**ENTRIES SUPPLIED:**
------------------------------------
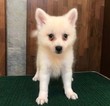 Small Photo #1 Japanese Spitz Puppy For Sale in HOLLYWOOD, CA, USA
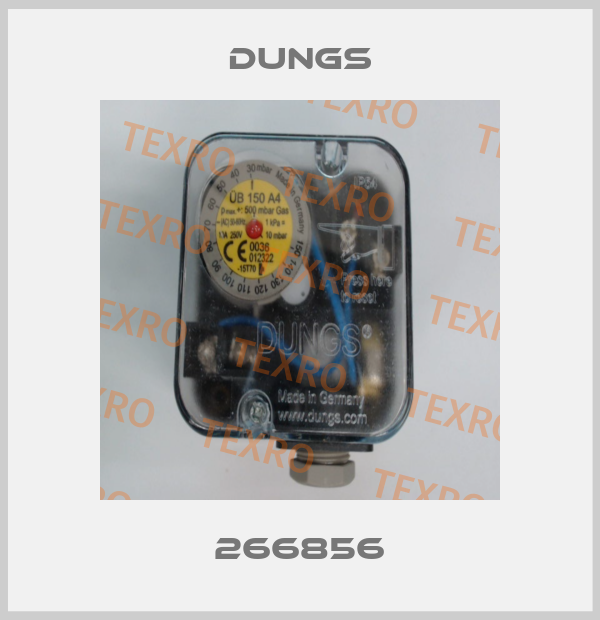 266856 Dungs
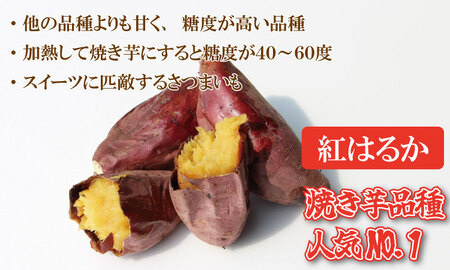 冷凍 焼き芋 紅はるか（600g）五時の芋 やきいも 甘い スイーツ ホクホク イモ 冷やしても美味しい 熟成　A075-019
------------------------------------
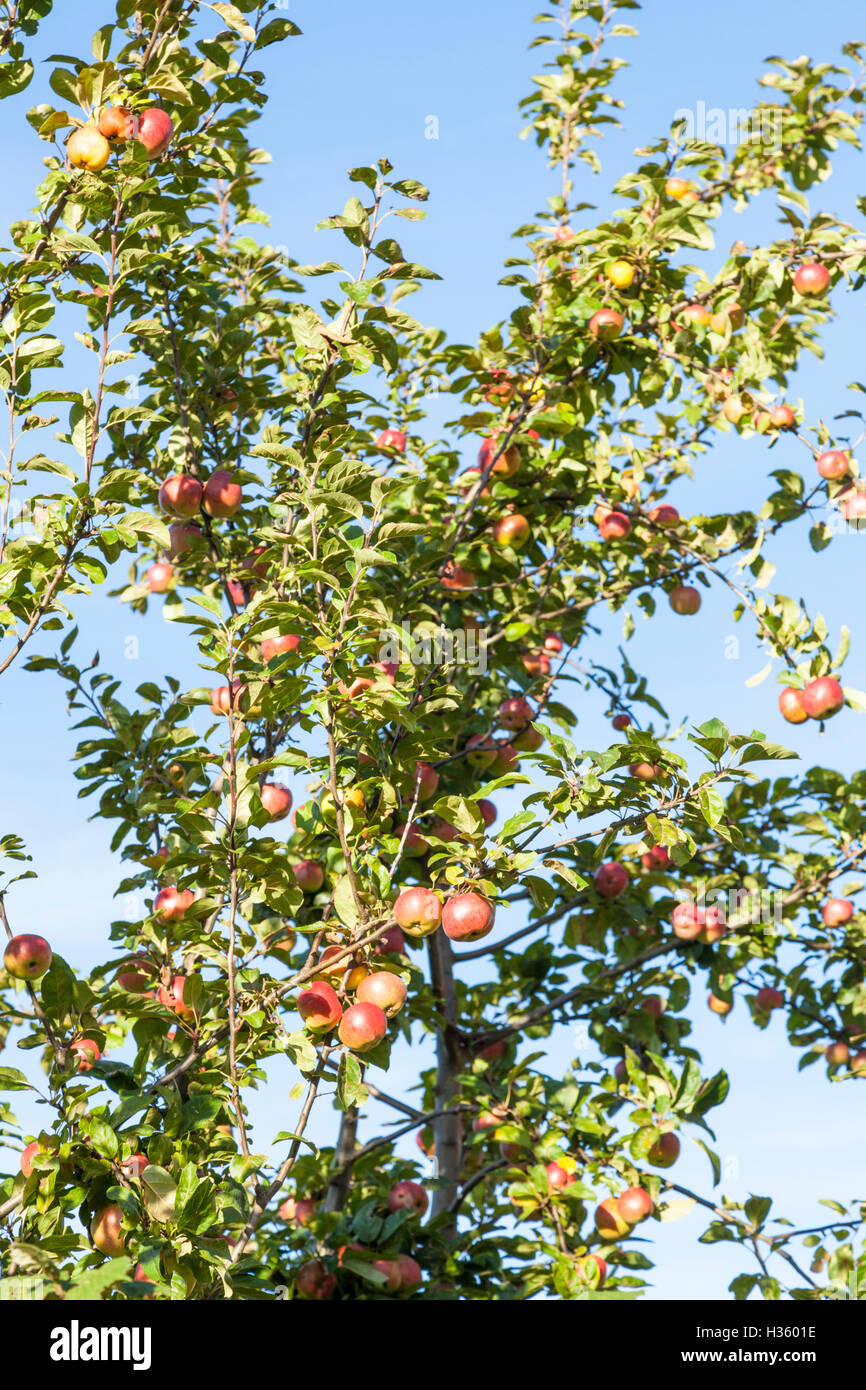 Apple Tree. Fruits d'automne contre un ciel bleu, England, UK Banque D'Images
------------------------------------
**ASSIGNED TASK:** Go to the line above holding "266856 Dungs", then copy exactly each line down to and including the one holding "冷凍 焼き芋 紅はるか（600g）五時の芋", leaving pictures out.

**THE ANSWER:**
 266856 Dungs
 冷凍 焼き芋 紅はるか（600g）五時の芋 やきいも 甘い スイーツ ホクホク イモ 冷やしても美味しい 熟成　A075-019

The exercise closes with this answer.